Corey Schaff said:
As would I. Or just people in general. Being called a pedophile isn't fun.
Yeah, not really the same thing. I am not so much concerned about being called a pedophile, I am concerned about how that false accusation is being used to deny me legal rights and social privileges (informal rights). If it was just name slinging it wouldn't be so bad.
Well that's never gonna happen, society tells everybody how they're supposed to dress. Damned if I'm going to spend $100 on a single shirt, though. I dress "inappropriately" all the time, people are always like "aren't you cold?" <_<, or "your shoes are untied", or "your shirt's inside out". Like I don't know that...I mean, sometimes I don't, but I try not to be concerned either way, I wear 6XL t-shirts with MLP Cutiemarks on them.

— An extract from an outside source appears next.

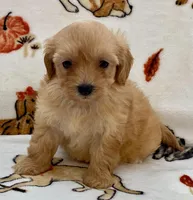 Luna , a female Maltipoo and Poodle - Toy  for sale in Tampa, FL – Photo 3 of 10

Ah, see, that is not what I am talking about. People criticize you for being untidy or unusual. Trans people can experience anything from verbal abuse, threats, being kicked out of a store, having the cops called and being arrested because people assume you are a prostitute, and even physical violence.
You don't hear about people being beaten to death for having their shoes untied or arrested and incarcerated for wearing a t-shirt on a cold day. It isn't even remotely the same thing.
Can't argue with that. A current platitude would be "Don't Lump me in with Trump"[/quote]
I wouldn't lump you in with people like him. He is a hate monger and weaponizes prejudice in order to benefit himself. There are few things more terrifying than the existence of people like trump, and one of them is that people support him. It's like being there when Joe McCarthy gave his first speeches about communism.
You seem neutral, maybe a tad ignorant (in the literal, non prejudiced sense that you just do not yet have information) on the issue. You seem tolerant. But the absence of malice is nothing to be proud of. You live in a bigoted society, that means you can end up hurting people entirely inadvertently. And you seem unwilling to take even the most basic precaution against doing so, placing your whim of curiosity at a position of greater importance than allowing trans people to feel and be secure.
Well, I wouldn't call it interrogation, or even public <.< I'd probably be like "psst, um, pardon me, I was just wondering..."
I'm certainly not going to dress up like batman and question you while you're hanging upside down from a roof, that'd be interrogation <.<
You make that joke, but shit happens. Interrogate is the right word for what happens to trans people. When someone wants to know our gender they generally are not kind or courteous. Physical and verbal intimidation are usually the major component, and they tend to be very public about it. It is not a pleasant experience. It is all the worse because we know that this is the most common precursor to a hate crime against us. I have been lucky enough that I have never experienced worse than intimidation, but worse happens all the time.
We live in a hostile world. That may be something you can't understand. We don't assume the worst of people because we are grumpy and cantankerous. We assume the worst because that is what we have to do to keep ourselves safe. We don't have the luxuries you have in this area.
And as for just being kind and courteous when you do ask, that isn't going to be enough most of the time. Language that is innocent in it's literal meaning can and is used as a tool of intimidation. Whatever precautions you take we are not going to know your intentions immediately, and we also know that it could quickly escalate however nice you seem. We don't know you. So we have to assume it could go bad for us and plan and act accordingly.
I am not going to say you cannot ask trans people about their gender, I am saying generally you should not. Satisfying your minor curiosity is likely going to cost that person a significant emotional toll, and that is the best case scenario. There is always the chance you out them and cause additional difficulties.